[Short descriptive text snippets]
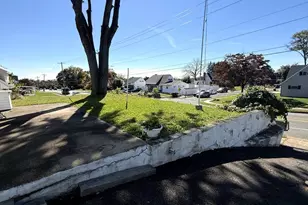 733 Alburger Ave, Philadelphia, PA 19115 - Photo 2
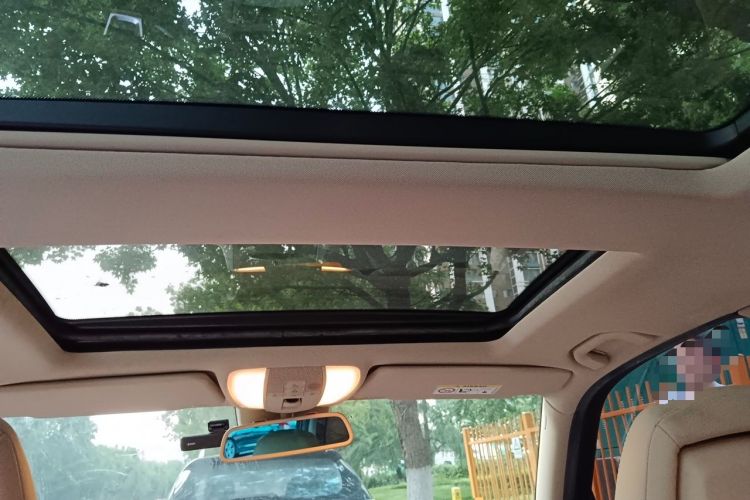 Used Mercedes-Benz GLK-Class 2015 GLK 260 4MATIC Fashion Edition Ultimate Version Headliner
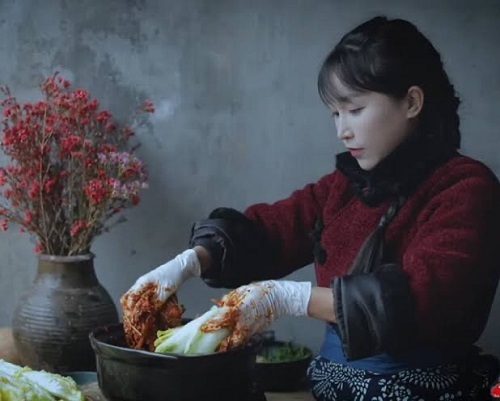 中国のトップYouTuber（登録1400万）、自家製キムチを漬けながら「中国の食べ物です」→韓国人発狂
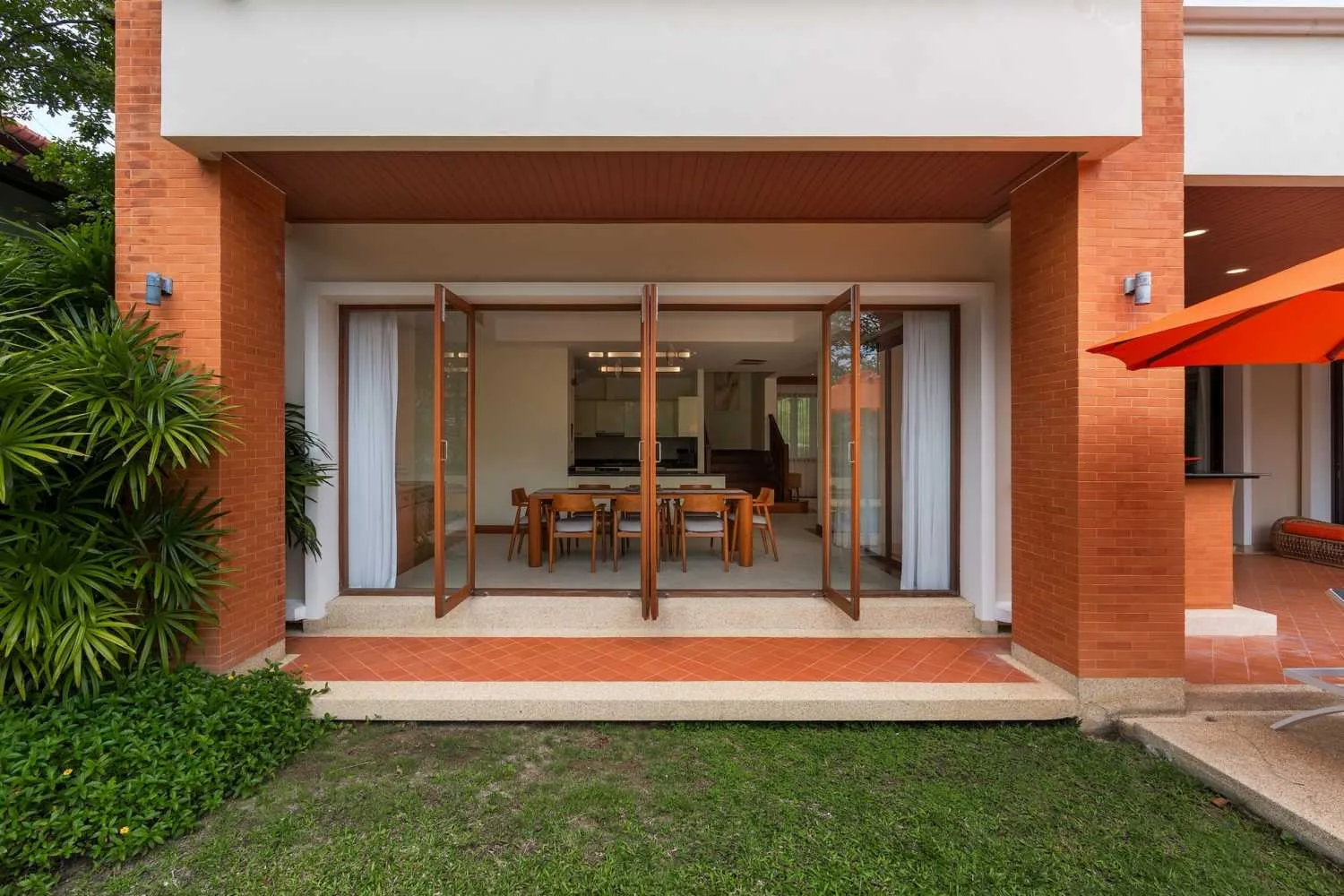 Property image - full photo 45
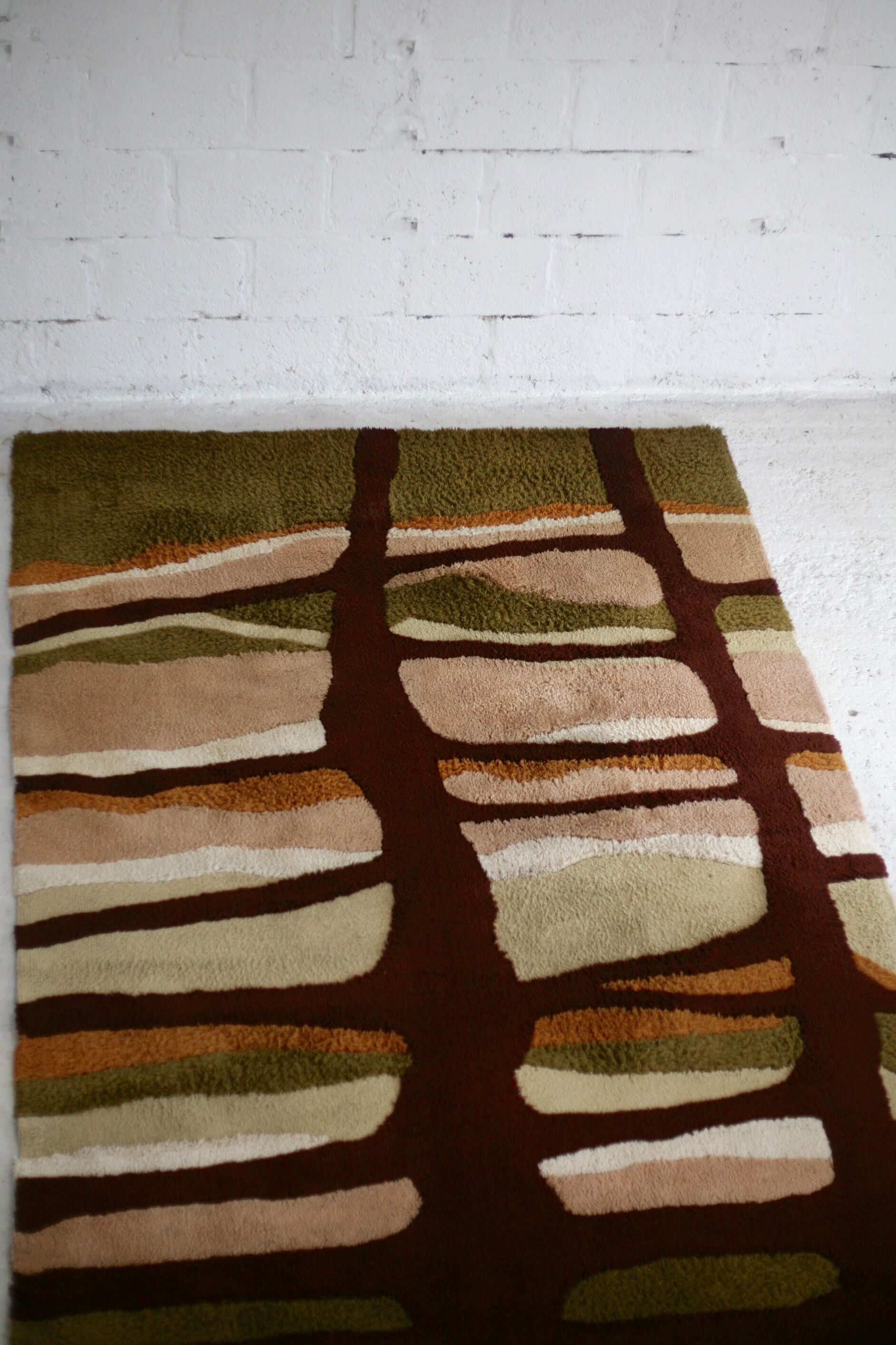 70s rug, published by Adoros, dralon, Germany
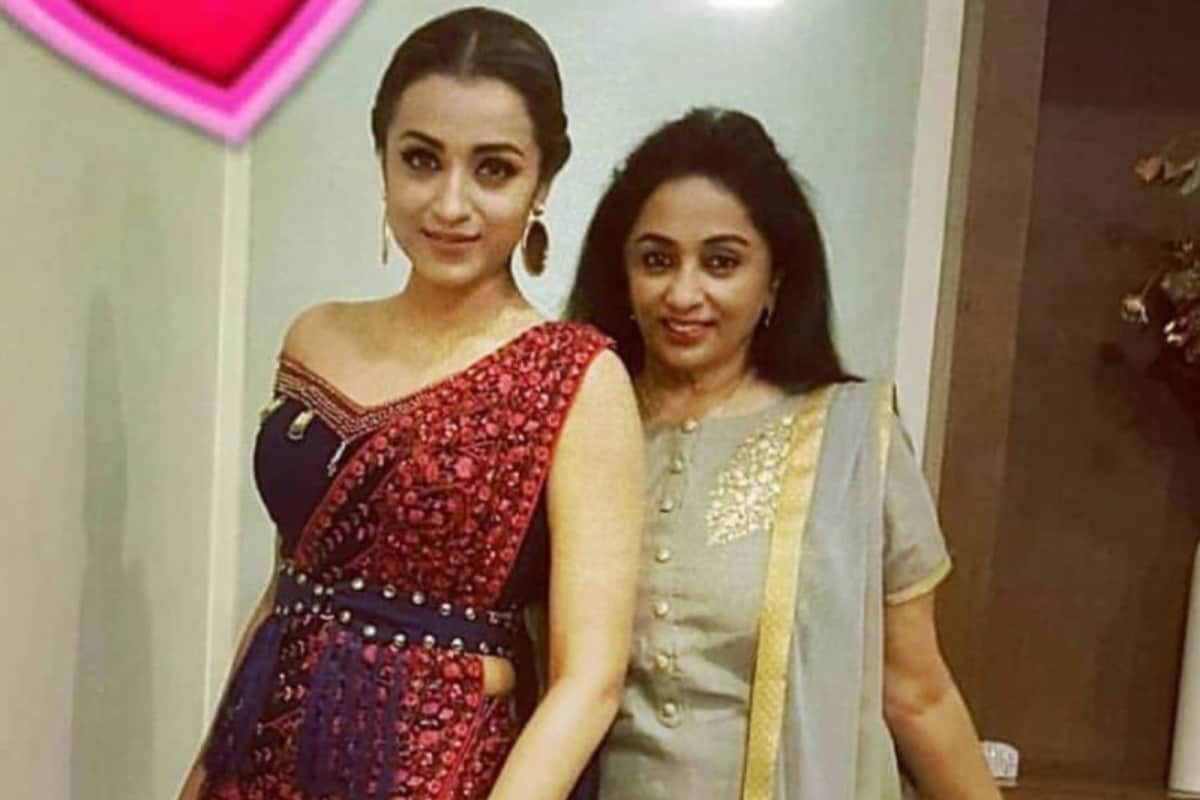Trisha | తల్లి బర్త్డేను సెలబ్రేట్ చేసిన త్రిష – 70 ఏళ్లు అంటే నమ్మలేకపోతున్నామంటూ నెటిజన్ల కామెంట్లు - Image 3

> **Assigned task**:
Please output exactly the lines from the line containing "中国のトップYouTuber" through the last line of the records above, both included, and leave out any pictures.

> **Result of this exercise**:
 中国のトップYouTuber（登録1400万）、自家製キムチを漬けながら「中国の食べ物です」→韓国人発狂
 Property image - full photo 45
 70s rug, published by Adoros, dralon, Germany
Trisha | తల్లి బర్త్డేను సెలబ్రేట్ చేసిన త్రిష – 70 ఏళ్లు అంటే నమ్మలేకపోతున్నామంటూ నెటిజన్ల కామెంట్లు - Image 3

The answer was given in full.